The shadow and evil are presented in the atmosphere of the mysterious forest and in the witch/crone who is the proverbial wolf in sheep’s clothing. The orphaned child is a staple of fairy tales as well, and Lev takes on that role. The loss of innocence and a stripping away of a sense of love and security opens him up to all manner of consequences. Lev being offered a talisman by his mother before her death becomes as significant as his being taken in by an uncle and aunt he’s never met. He’s stranded in the place his mother had fled years before, a place she’d never spoken of, which places Lev within arm’s reach of the village elder who appears harmless…on the surface. Deceit and manipulation have a power as great as magic, laced with a cruelty that left me wondering who’s more the monster, the beast or the humans, a question that is answered definitively as Lev becomes the unexpected hero the villagers—and the wolf—needed.

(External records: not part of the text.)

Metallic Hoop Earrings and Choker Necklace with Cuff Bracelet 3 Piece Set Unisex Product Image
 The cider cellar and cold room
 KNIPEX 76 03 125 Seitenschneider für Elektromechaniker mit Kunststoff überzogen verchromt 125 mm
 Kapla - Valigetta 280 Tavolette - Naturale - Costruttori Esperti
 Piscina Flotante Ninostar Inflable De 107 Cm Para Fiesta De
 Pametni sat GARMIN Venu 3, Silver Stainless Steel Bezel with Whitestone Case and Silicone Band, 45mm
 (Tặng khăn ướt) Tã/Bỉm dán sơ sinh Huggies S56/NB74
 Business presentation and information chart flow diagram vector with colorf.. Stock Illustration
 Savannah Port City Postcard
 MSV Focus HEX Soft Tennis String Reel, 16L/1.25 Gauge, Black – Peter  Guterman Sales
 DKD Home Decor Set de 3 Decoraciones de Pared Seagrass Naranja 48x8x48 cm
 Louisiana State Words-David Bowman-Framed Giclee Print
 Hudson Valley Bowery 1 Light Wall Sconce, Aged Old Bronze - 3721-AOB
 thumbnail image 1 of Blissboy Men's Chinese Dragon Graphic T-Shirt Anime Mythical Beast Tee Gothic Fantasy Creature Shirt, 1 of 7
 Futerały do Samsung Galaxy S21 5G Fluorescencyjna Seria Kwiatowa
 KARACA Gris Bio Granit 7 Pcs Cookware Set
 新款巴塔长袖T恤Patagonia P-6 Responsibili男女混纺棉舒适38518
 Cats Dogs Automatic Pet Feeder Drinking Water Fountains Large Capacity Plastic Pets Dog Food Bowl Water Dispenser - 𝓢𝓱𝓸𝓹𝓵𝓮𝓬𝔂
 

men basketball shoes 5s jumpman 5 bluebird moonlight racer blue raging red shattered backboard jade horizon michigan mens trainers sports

As a content warning, for those who might appreciate it, there are a couple of sex scenes that flirt with dubious consent. In this case, however, where the Big Bad Wolf is meant to represent a feral beast more than a tamed human much of the time, the tone of his behavior with Lev—at once brutal and brutish, while gentle and soft at others—is consistent with the anthropomorphism of the wolf, his taming, and is somewhat tempered by it not being portrayed as romantic as much as it is something that Lev doesn’t not consent to. If we’re being honest, Lev is turned on by a bit of rough. The temptation of the forbidden fruit plays a role in the story as well, drawing Lev and the wolf together and becoming a symbol of the wolf’s offering of himself to Lev.
The Wolf and the Pear is darker, in an erotic way, than the traditional fable, but its happily ever after follows the formula faithfully to its ending.